On the wastewater side, our CSO funding can be divided into both "grey" and "green" categories. In the Preliminary Four-Year Plan, the CSO-grey category is funded at $458 million, CSO-green at $187 million (that number includes FY12 spending on the green infrastructure projects underway).
We are also spending between $50 and $60 million per year to do hundreds of what we refer to as "state-of-good-repair" projects within our wastewater system. For budget purposes, we don't categorize these "good repair" projects as CSO-related, but many of the projects involve fixing structures or devices that will lead to more flow going more consistently to our treatment plants in wet weather. These good repair projects tend to be the kind of small but numerous tasks that were postponed because we could not do them in-house and taken individually, the tasks were too small to bid out.
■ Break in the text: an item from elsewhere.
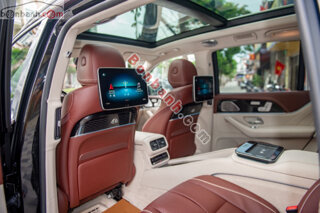 Xe Mercedes Benz Maybach GLS 600 4Matic 2021 - 17 Tỷ 500 Triệu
However, we found that we could devise a general scope of work for these smaller tasks and bid them out as "job-order contracts" or "JOCs." The JOCs provided us with the right contracting mechanism to help us better maintain our system.
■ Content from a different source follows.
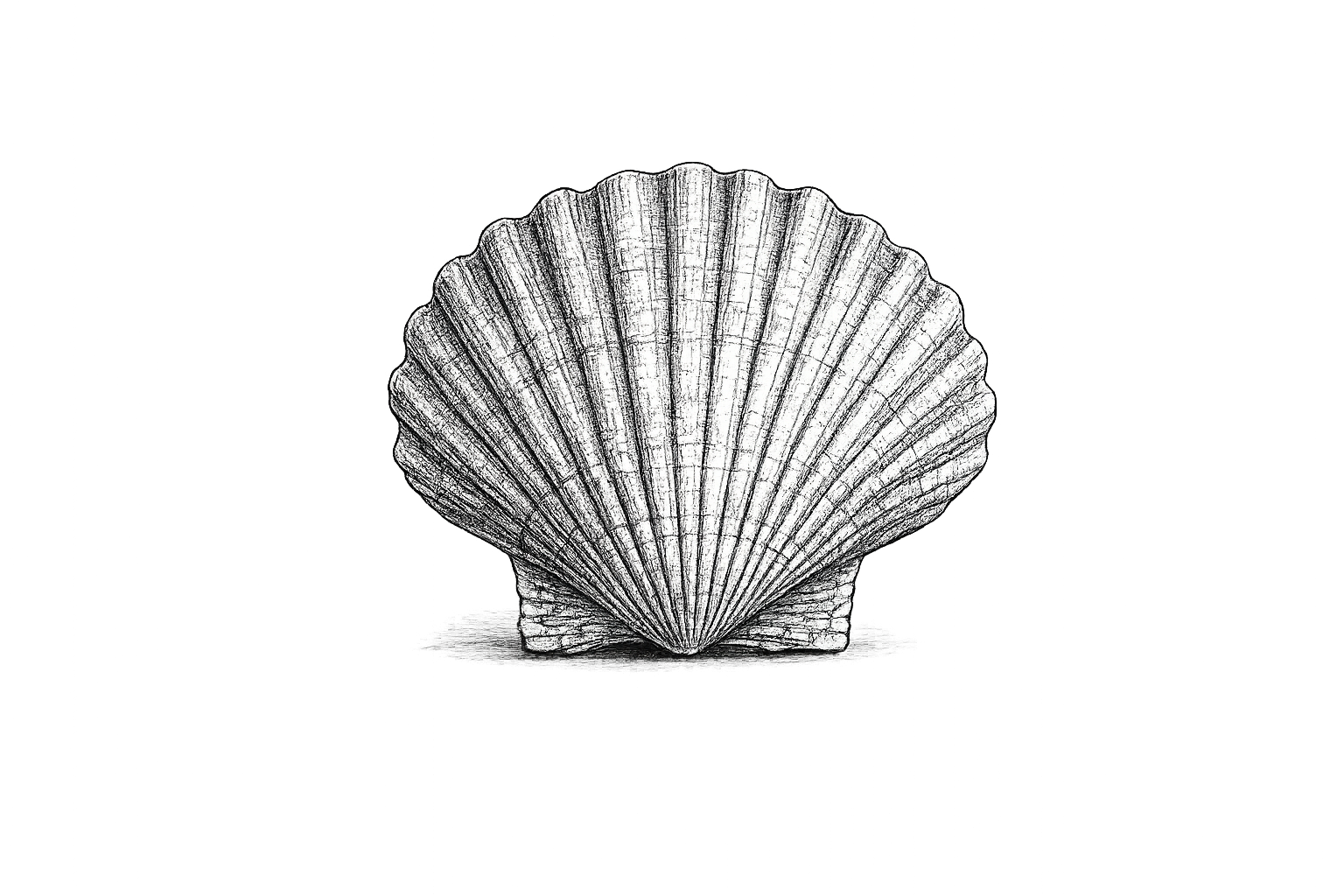 User Shell Icon Watermark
For the purposes of the budget, the "grey CSO" projects include modifications within the collections system such as bending weirs, parallel sewers, high level sewer separation, wet weather stabilization upgrade at 26W; as well some dredging to mitigate the past-effects of years of discharges from outfalls near the Flushing Marina.
On the green side, FY13 begins a period of area-wide implementation of green infrastructure projects that we are very excited about. The Office of Green Infrastructure has already been on the ground meeting with residents, civic groups and elected officials in areas where the first wave of projects will be built. We are initially targeting water bodies such as Flushing Bay, the Gowanus Canal, Newtown Creek, Bronx River, Hutchinson River, and Jamaica Bay. As we ramp up the green infrastructure program, we expect that you and your constituents will see even more of our team and our agency partners, including the Department of Parks and Recreation, DDC, and the Department of Transportation, as we build out bioswales. These are essentially street tree pits designed to capture curb runoff during rain storms. They will not only manage stormwater, but also provide urban greening, improve air quality, and help mitigate urban heat island effect. We are also working with schools, NYCHA, and other agencies to retrofit city-owned building in these priority areas with green roofs and rain gardens.
The Preliminary Four-Year Plan shows $790 million in FY13-16 for investments in the sewer system. Because Queens and Staten Island are the two boroughs with the greatest need, those two boroughs account for most of the spending on drainage projects.
In Queens, the Preliminary Four-Year Plan includes $899 million of spending for FY13-16. Significant projects include: $50 million for dredging Flushing Bay; $100 million for rehabilitating wells in the former Jamaica Water service area; $71 million for regulators in Queens; $56 million for main sewage pump work at the Bowery Bay wastewater treatment plant, and $179 million for sewers. Sixty-four million dollars is just for sewers in southeast Queens; and $22 million of that is for high-level storm sewers in southeast Queens.
In Staten Island, the Preliminary Four-Year Plan projects $333 million in capital spending, $232 million of which is for sewers. We are in the middle of the construction of a new, $250 million water tunnel (or "siphon"), which is funded with $125 million from DEP and the remaining from the Port Authority. This project will provide critical redundancy in Staten Island's water supply. We are continuing the $248 million remediation of the closed Brookfield Avenue Landfill, a joint City and State-funded project. We are also continuing to build-out the Staten Island Bluebelt, the award winning, ecologically sound, and cost-effective plan for stormwater management for approximately one-third of Staten Island. For FY13-16, DEP budgeted $70 million for obtaining more lands for the mid-Island Bluebelts.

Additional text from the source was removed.